How It Works
Semantic search converts each entity in the knowledge graph into a 384-dimensional numeric vector and stores it in a sqlite-vec virtual table. When you call search_semantic, the engine encodes your query into the same vector space, finds the k nearest neighbors (KNN), and returns the most relevant entities.
The full pipeline — from raw text to ranked results — looks like this:
graph TD
Input["Entity text or Query"] --> Prefix["No prefix needed<br/>(MiniLM unified encoding)"]
Prefix --> Tok["Tokenization<br/>HuggingFace fast tokenizer<br/>trunc=512, pad=512"]

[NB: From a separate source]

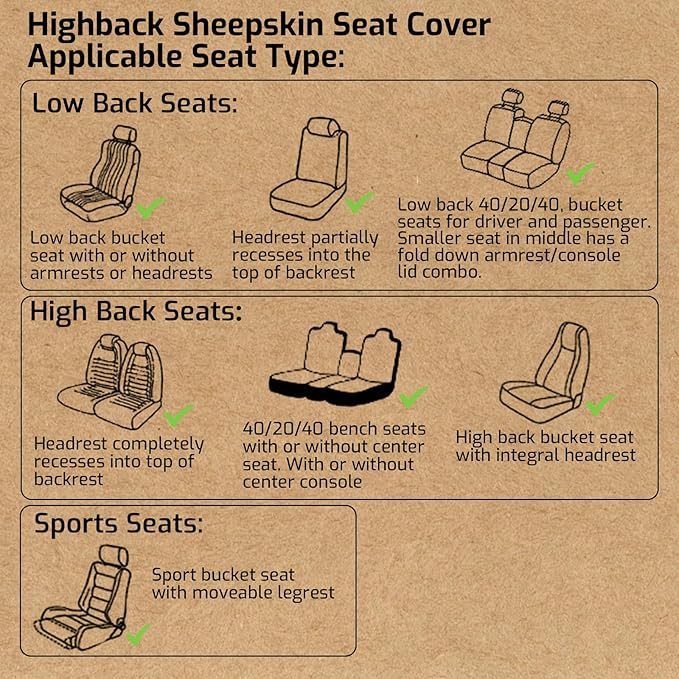 Aegis Cover Premium Australian Merino Sheepskin Car Seat Cover, Easy-Install Summer & Winter Universal Fit for SUV Truck Sedan Most Vehicles (FS-Black)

Tok --> ONNX["ONNX Forward Pass<br/>CPUExecutionProvider<br/>→ (batch, seq_len, 384)"]
ONNX --> Pool["Mean Pooling<br/>Mask [PAD] via attention_mask<br/>→ (batch, 384)"]
Pool --> Norm["L2 Normalization<br/>||v|| = 1<br/>→ float32[384]"]
Norm --> Store{Entity or Query?}
Store -->|Entity| Vec["Serialize to bytes<br/>384 x 4 = 1,536 bytes<br/>INSERT OR REPLACE into vec0"]
Store -->|Query| KNN["sqlite-vec KNN<br/>WHERE embedding MATCH ?<br/>ORDER BY distance"]
KNN --> Results["[{entity_id, distance}]"]
Results --> Limbic["Limbic Re-rank<br/>salience · temporal · cooc"]
Limbic --> Output["Top-K results with scoring"]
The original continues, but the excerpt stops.